I am glad I took that intervention. This afternoon, we have heard from the hon. Lady and Rachel Reeves—for whose support for the Bill I am grateful—as well as Ms Harman about the trailblazers who have gone before us. We have heard about the battles and trials that colleagues past and present have gone through in order to get maternity leave and to improve the situation for their colleagues in the future. We all appreciated the speech from the hon. Member for Leeds West in which she cited many colleagues who have made a substantial contribution. As well as those Members past and present who have battled to improve arrangements, we should remember that what we are doing today, although it is narrow in immediately affecting only a few individuals, will also benefit those who come after us. That is important.
Cat Smith referred to the wider context. It is of course vital that we get this right for everyone in the country, and I know that the Department for Business, Energy and Industrial Strategy is looking into these issues. It is not only a matter of fairness and justice but a matter of economic empowerment. If we are to get the country back on its feet after the year we have had, we have to support women and enable them to do that.
I also thank Her Majesty’s Opposition and other parties in the House for the cross-party support and commitment that we have for the other work that we know needs to be done. I know that this is a very narrow Bill. The technical consultee is the Leader of the Opposition, but he will clearly wish to delegate to other Front Benchers and, potentially, to Back Benchers as well. I hope that Members on both sides of the House will contribute to the work that will follow. It is vital that we get those other issues addressed and, although I cannot give a timetable on legislation because we do not know what legislation would be required, I think we should be bringing this back to the House before the summer recess in order to address those other issues.
I thank my right hon. Friend Caroline Nokes for the powerful report that her Committee has produced and for her support. I hope that her Committee will be able to play a role in the future work that looks at the wider issues, not just for Front Benchers but for all Members, particularly those who sit on the Back Benches.
Kirsten Oswald clearly referred to the Prime Minister’s power to enable people to benefit from the new provision that we are introducing today. Unfortunately, the power still has to sit with the Prime Minister. I know that the optics of that are not ideal, but I am afraid that this is hinged on the royal prerogative and that must be the case. Hon. Members mentioned various other amendments that have been tabled, and I will address those in Committee.
My hon. Friend Cherilyn Mackrory focused on how maternity leave is a vital time. The Government very much recognise that, which is why we have the piece of work that my right hon. Friend Andrea Leadsom is undertaking on early years. The right hon. and learned Member for Camberwell and Peckham, who has been such a stalwart in campaigning on these issues, outlined why, as well as the main issues that the Bill focuses on, it is vital that we get this right for women outside the House too.

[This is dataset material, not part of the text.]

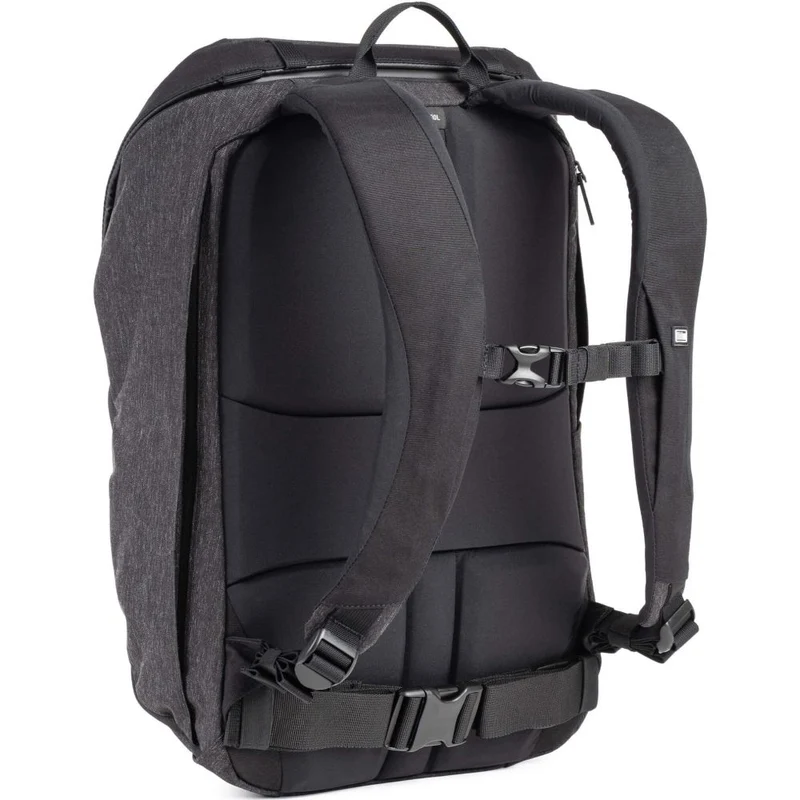 Think Tank SpeedTop Kit de sac à dos 20 avec Stash Master S, Graphite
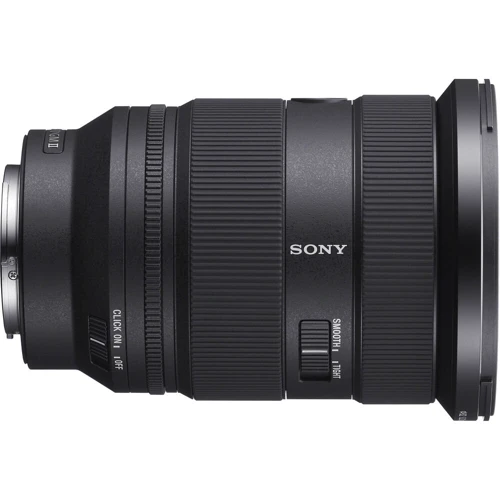 Объектив для фотоаппарата Sony SEL2470GM2 24-70mm f/2.8 GM II FE фото 4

I thank my hon. Friend Jackie Doyle-Price for the helpful amendment that she has tabled. Again, I will explain in Committee why it has not been possible to use that language in the Bill with regard to Ministers—we have been able to use language to describe Opposition office holders—but I understand how offensive the word “person” or “persons” can be in this context. I hope that we can make some changes, if not to the legislation then to the explanatory notes, that will address some of her issues. I will come on to the detail of that in Committee.
Again, I congratulate the hon. Member for Walthamstow. I am sorry that she framed this measure as a perk. Just to clarify, this is not about rights purely for Cabinet Ministers—well, they are not rights; it is a provision. The article in The Guardian today also misrepresented that. This is a provision not just for Cabinet Ministers but for all Ministers and those Opposition posts. Only Cabinet Ministers are prevented at the moment from taking maternity leave, so that is what the Bill tries to address.
I hope that I can give the hon. Lady some assurances on the work that we want to take forward with regard to the Women and Equalities Committee and IPSA. Although, clearly, there will be other consultees involved, as well as the Government, with regard to IPSA she is absolutely right that we have to address the remaining issues both for Ministers and for all Members of the House. She has certainly set us a timetable today to try to get that resolved, and I hope to give some clarity on that later. I thank all hon. Members for their contributions. It is vital that we get these issues right. I also want to give some assurances on the issues that have been raised about fathers. This is absolutely vital. I was brought up by my father in my teenage years. Fathers are critical. We will bring that forward in our future work. We will look at paternity leave, shared parental leave, adoption leave and a raft of other issues to ensure that all Members of this House, at whatever stage of their career and whatever Bench they sit on—Front Bench or Back Bench—can have the flexibility they need to thrive in their careers, and have and raise a family. I look forward to the future debates on that subject.
The Deputy Speaker put the Question (Order, this day).
Question put and agreed to.
Bill read a Second time; to stand committed to a Committee of the whole House (Order, this day).
Further proceedings on the Bill stood postponed (Order, this day).